Who’s to blame for declining American support for Israel?
The growing distaste for the Jewish state isn’t the fault of Netanyahu or Israeli behavior. It’s driven by forces seeking the destruction of the West and beyond the control of Jerusalem.

US and Israel flag
The shift in U.S. public opinion is real and can’t be denied. Though polls still show a plurality of Americans are still on the side of the Jewish state and that the alliance with Washington has never been stronger, the decline in overall support has been precipitous. Since the Hamas-led Palestinian Arab terror attack on Israeli communities on Oct. 7, 2023, growing numbers of Americans, especially among the young, have decided that the Israelis are the perpetual bad guys in the ongoing conflict with the Palestinians.

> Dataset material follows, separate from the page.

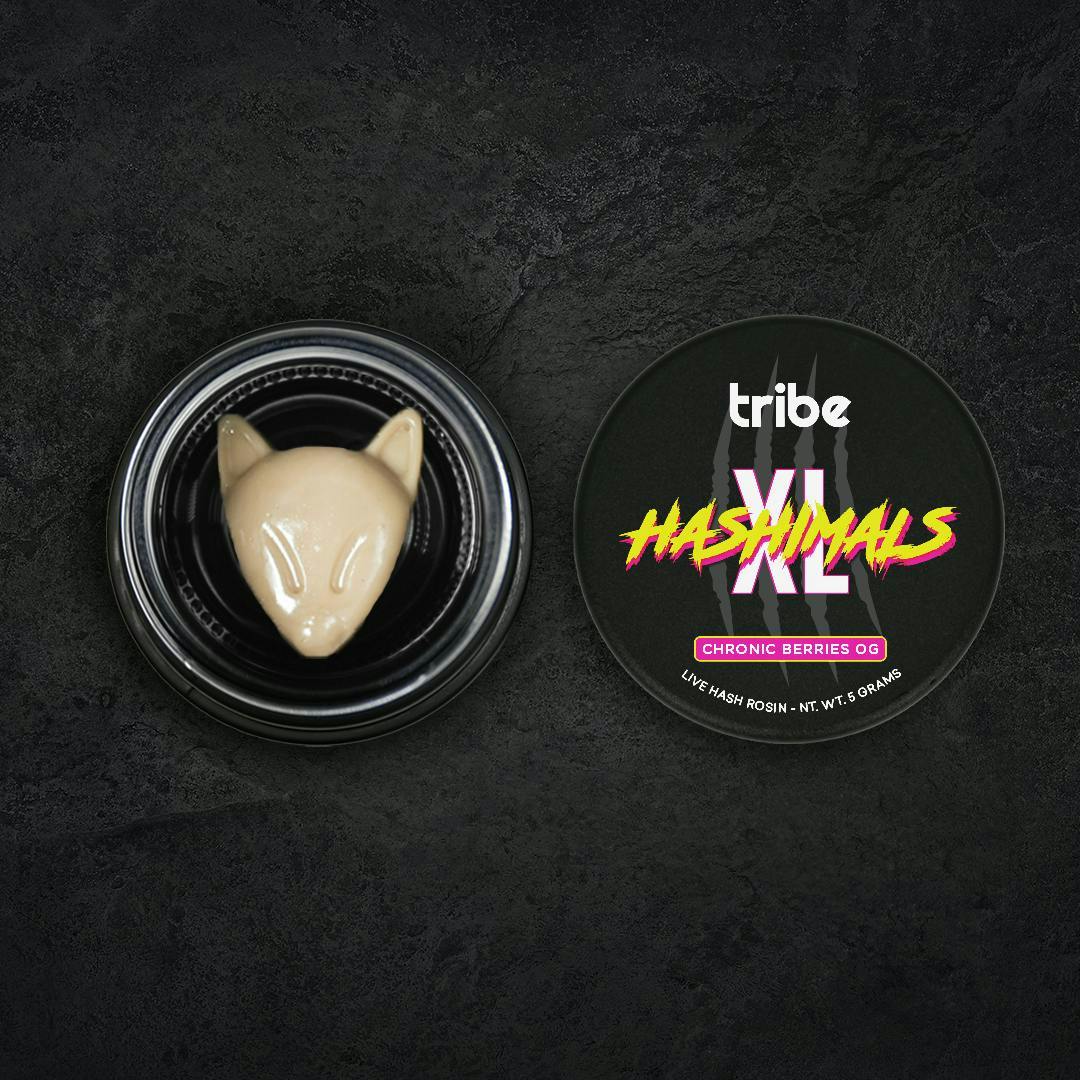 Tribe - Tribe | Chronic Berries OG | Fox XL Hashimals | 5g - 1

The joint U.S.-Israeli efforts to stop Iran from getting a nuclear weapon may have only accelerated this trend and the accompanying surge in antisemitism that has made itself felt in public discourse, as well as on college campuses and in the streets of American cities.
Predictably, this has led to a continual stream of articles from a variety of sources in the secular press and the Jewish world purporting to explain why this has happened. Some come from outlets that are intrinsically hostile to Israel and celebrate the collapse of what was once considered a bipartisan pro-Israel consensus. Others speak of this change with regret and claim to be motivated by a desire to make Israel popular again.
Internalizing myths about the Jews
But almost all of them are wrong. The mistake is not in recognizing that a problem exists. Rather, it is in imagining that there is much that the State of Israel or its U.S. supporters can do about it.
As with most discussions of antisemitism, which is what the increase in anti-Zionism truly is, the error is in assuming that the critiques of Israel are rooted in what it does or doesn’t do. Israel’s leaders and government are as flawed as those of any other country. But the shift in public opinion is a product of changes in American society, not the mistakes or even the alleged crimes committed by Israelis.
Accepting this terrible truth is as difficult for Israelis and their Jewish supporters as solving the intractable policy dilemmas that Jerusalem faces. Yet accept it they must if they are to avoid compounding the problem by making further blunders that will only make the situation worse.
Ironically, many Israeli and American Jews have internalized some of the most unfortunate tropes of traditional antisemitism. Jew-haters on the right and the left have treated the objects of their abhorrence as if they had supernatural powers to do harm to them. Marxists have imagined them as the not-so-secret force behind the alleged evils of capitalism, colonialism and imperialism. Right-wingers have conceived of them as the masterminds of a global Marxist plot against their national existence or their faith. Many adopt the self-contradictory claims of The Protocols of the Elders of Zion forgery, in which they are somehow part of both conspiracies.
For all of their justified scorn for the calumnies of antisemites, the truth is that many Jews have accepted this mindset, attributing to themselves the power to fix insoluble problems and to persuade people with minds that can’t be changed to see reason.
There is no solution
Just as many, if not most, Israelis and Jews once thought they had the power to win over the Palestinians via goodwill and far-reaching concessions; some are now ready to believe that they have the power to change American public opinion. They think that a change in government, a willingness to stop defending themselves or even by adopting clever public-relations strategies, the downward trend in support can be halted, if not reversed.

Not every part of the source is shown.